Pity the European bond trader.
Once the master of a booming euro zone universe spanning Greece, Italy and Germany, he now presides over a shrunken, fear-struck bond market — and might well lose his job by the end of the year.
Panic that the default of a euro zone economy might lead to a crackup of the monetary union has turned European bonds, once freely traded and viewed as risk-free, into semi-poisonous hot potatoes that in some cases trade only by appointment.
The result has been a sharp drop-off in trading volume — the mother’s milk of bank profits — raising questions within capital-constrained banks in Europe about how much longer they will stick with their overstaffed bond divisions.
They may number only about a thousand here in Europe’s bond trading hub, but these highly paid traders, sales people and derivatives wizards have in many ways been at the vanguard of the boom and bust of the European debt bubble. Now that bubble risks pushing the euro zone into a second recession at the cost of millions of public and private sector jobs.
When money was cheap, bond traders facilitated the borrowing excesses of Greece, Italy and others — but once these debts came into question, they have been among the first to sell, and they continue to do so.
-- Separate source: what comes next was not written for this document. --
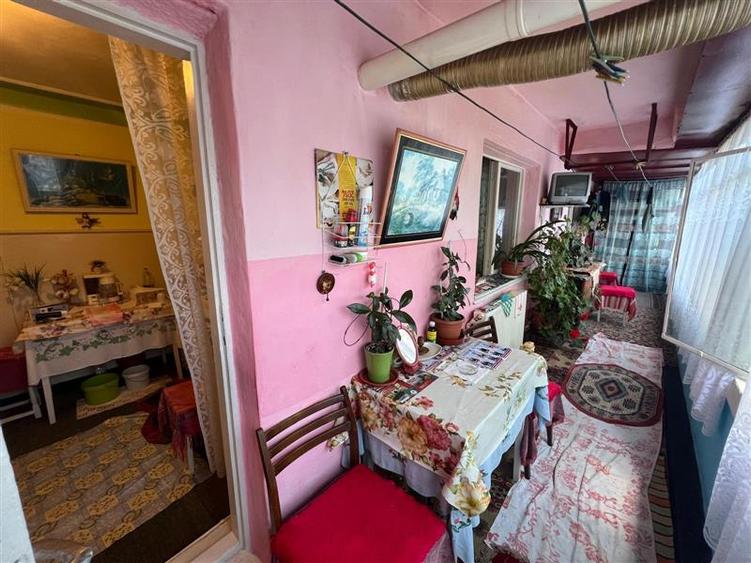 Apartament cu 3 camere decomandat, mobilat în Dancu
As Europe’s leaders prepare to gather in Brussels on Friday to chart a course to closer political union, the bond purveyors are again attracting scrutiny — only this time it is from their cost-conscious employers.
The numbers tell much of the tale.
During an earlier era when Greece could borrow money at nearly the same interest rate as Germany, Greek government bonds traded at the rate of as much as 60 billion euros a month. Through the first two weeks of September, just 1 million euros in Greek bonds exchanged hands on HDAT, the main platform for trading Greek bonds.
With Greece on the verge of default, such a result is hardly surprising. But as the fears of a euro zone collapse have spread in recent weeks, volumes have dried up for larger markets as well.
Italy, one of the deepest, most sophisticated bond markets in the world, reported that secondary market bond trading on its main MTS platform withered to 887 million euros on Nov. 24, from 5.9 billion euros on Jan. 7, 2010.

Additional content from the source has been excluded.